| Records excerpted from a collection |
* * *

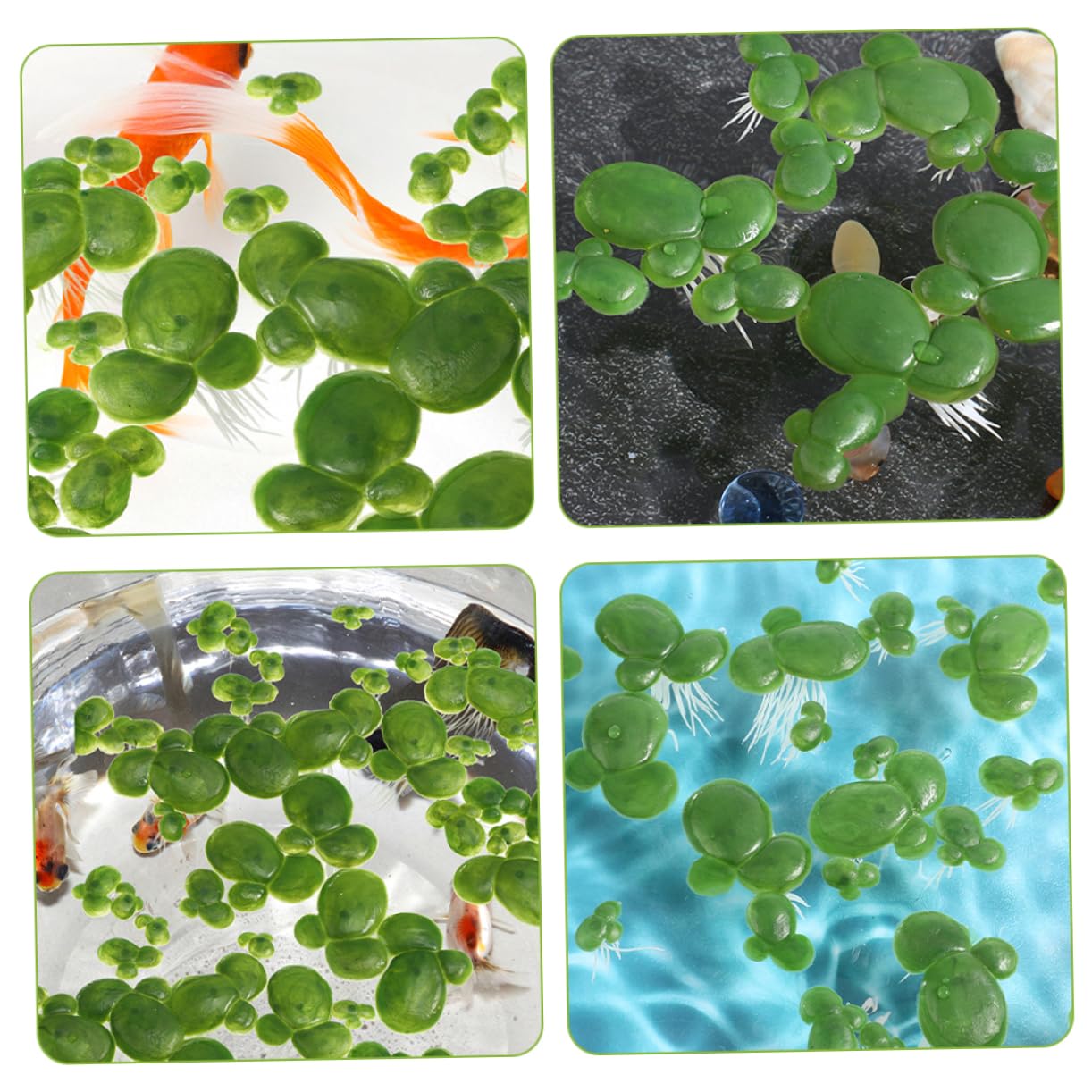 270pièces Plantes Aquatiques Flottantes Décoratives pour Aquarium Faux Lentilles Eau avec Décoration Naturelle pour Réservoirs Et Terrariums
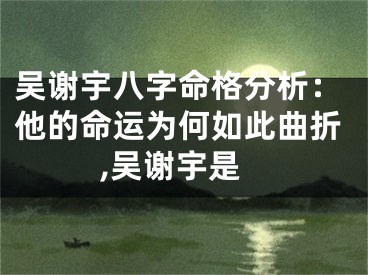 吴谢宇八字命格分析：他的命运为何如此曲折,吴谢宇是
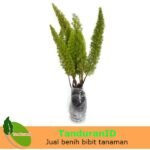 Asparagus Ekor Tupai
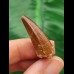 3,2 cm rotbrauner Zahn des Spinosaurus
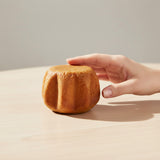 Pandoro Gourmandise Artisanale pour Chien - La Patte Verte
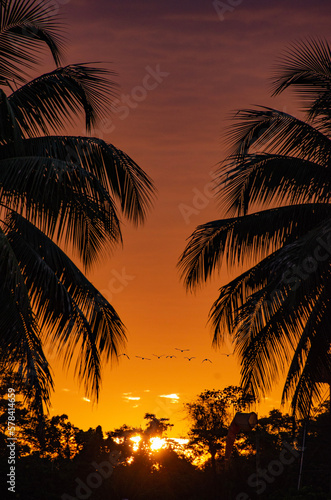 Sunrise at the Amazon rainforest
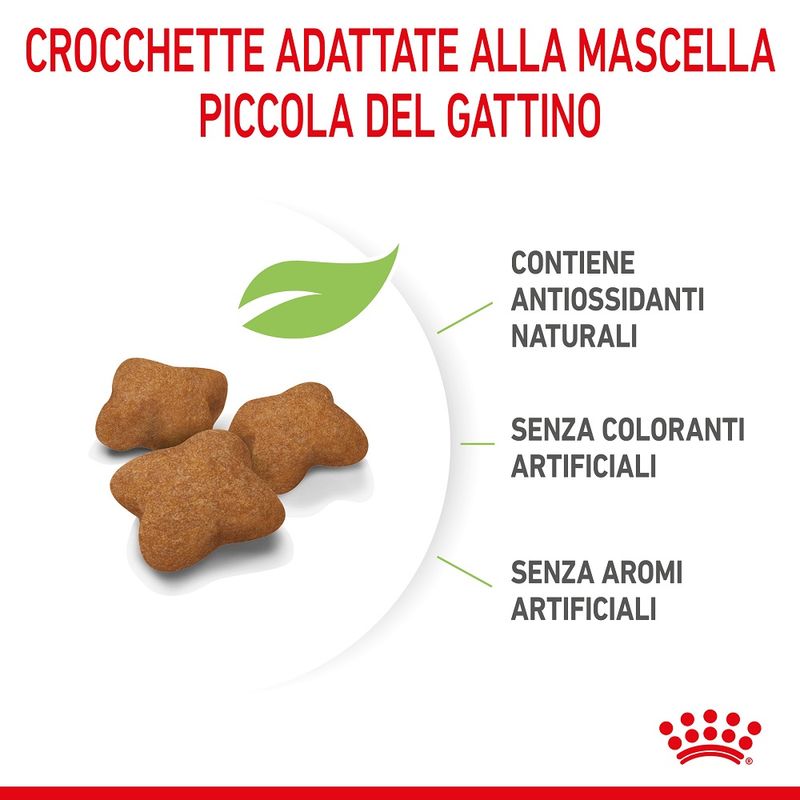 Royal Canin Kitten Sterilised 400g - Crocchette per Gatti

* * *

| Exercise directions |
If the records contain pictures, skip them, and transcribe exactly every line from the one with "Sunrise at the Amazon rainforest" through the last line.

| Task result |
 Sunrise at the Amazon rainforest
 Royal Canin Kitten Sterilised 400g - Crocchette per Gatti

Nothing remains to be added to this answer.